Contemporizador será, pela certa, José Luís Guerrero, jornalista do diário desportivo espanhol Ás, que habitualmente cobre o dia a dia do Real Madrid. Guerrero jamais viu em Ronaldo um indivíduo frio e distante, como certa imprensa o catalogava. “Cristiano nunca foi arrogante. O que acontecia é que era frequentemente mal interpretado.” Chegado ao Real em 2009, com uma cláusula de quase 100 milhões de euros (ainda hoje recorde mundial), Ronaldo, diz o jornalista, “teve a capacidade de saber ouvir as críticas e mudar até um pouco a sua forma de jogar, e de se comportar, dentro e fora do campo, para facilitar a integração”. Guerrero define-o mesmo como um “jogador politicamente correto”, que se relaciona bem com os colegas, com a equipa técnica e com todos os funcionários do clube. O jornalista conta, por exemplo, um episódio ocorrido num estágio de pré-temporada, ainda Mourinho era técnico do Real. “No primeiro dia de descanso, depois de intensas sessões de treinos, Ronaldo foi a um centro comercial da cidade e comprou um iPad para cada um dos elementos do corpo clínico, médicos, massagistas… para todos, como forma de agradecimento pelo trabalho que faziam. Um gesto que mostra a sua forma de estar.”

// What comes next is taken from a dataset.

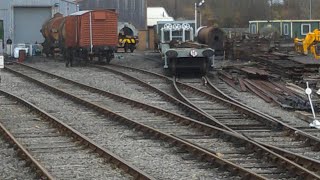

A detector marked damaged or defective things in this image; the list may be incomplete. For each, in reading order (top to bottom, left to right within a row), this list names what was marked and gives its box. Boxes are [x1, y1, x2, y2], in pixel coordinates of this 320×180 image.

rusty freight wagon [41, 9, 118, 65]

E na seleção? O chef Hélio Loureiro, responsável pela ementa dos jogadores, diz que CR7 “é, sem dúvida alguma, um dos atletas mais simples e menos complicados na alimentação, uma pessoa com quem se gosta de estar a conversar, que agradece sempre com um sorriso amável”. O menino pobre da freguesia de Santo António, Funchal, nascido a 5 de fevereiro de 1985, e que veio com 11 anos para o Sporting, vivendo em Lisboa horrores de saudade da família e amigos, tem no bacalhau à Brás o seu prato preferido. Mas jamais impôs o seu estatuto para pedir ou propor a iguaria de que gosta, nos estágios da seleção. Palavra de chef Hélio.